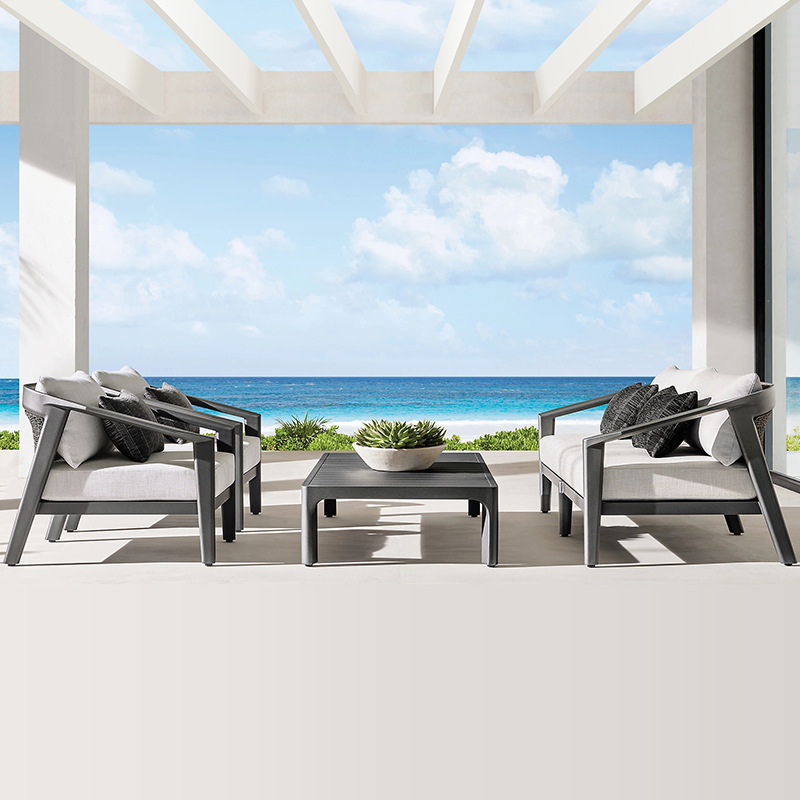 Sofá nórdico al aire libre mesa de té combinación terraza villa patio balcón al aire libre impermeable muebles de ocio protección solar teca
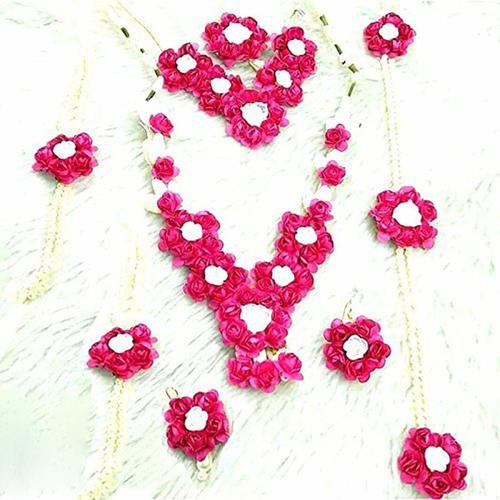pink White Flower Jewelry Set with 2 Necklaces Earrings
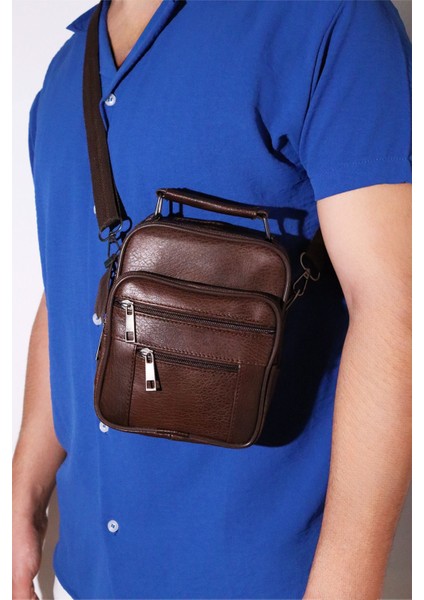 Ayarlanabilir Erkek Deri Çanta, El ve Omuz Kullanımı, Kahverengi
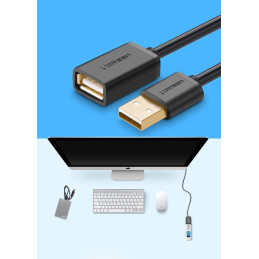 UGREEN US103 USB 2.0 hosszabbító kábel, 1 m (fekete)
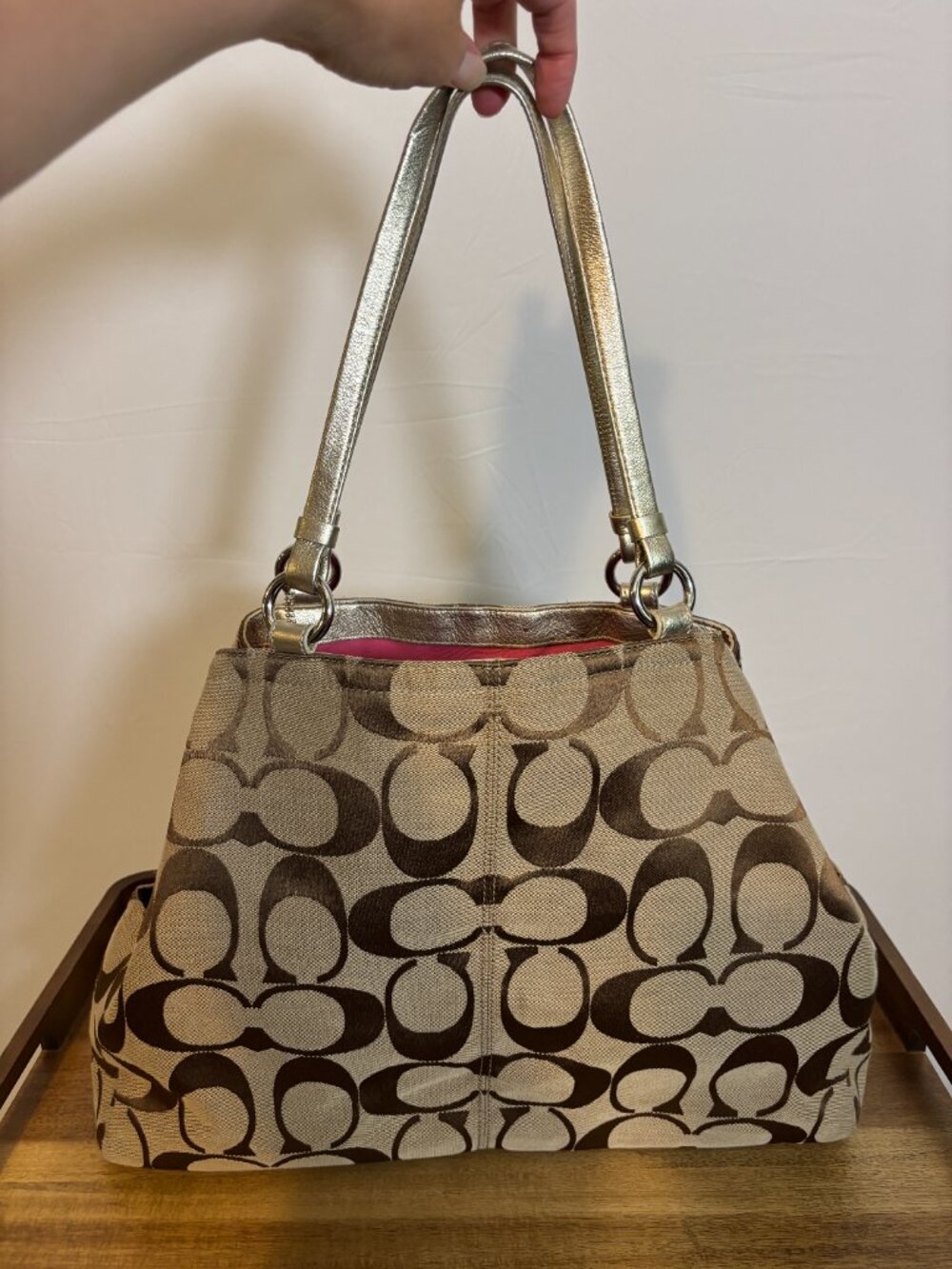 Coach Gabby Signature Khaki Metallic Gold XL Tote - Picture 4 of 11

● **Task prompt**
Reproduce only the lines from the line with "Ayarlanabilir Erkek Deri" to the end of the entries. Keep both ends, copy them exactly, and omit every picture.

● **Reply**
 Ayarlanabilir Erkek Deri Çanta, El ve Omuz Kullanımı, Kahverengi
 UGREEN US103 USB 2.0 hosszabbító kábel, 1 m (fekete)
 Coach Gabby Signature Khaki Metallic Gold XL Tote - Picture 4 of 11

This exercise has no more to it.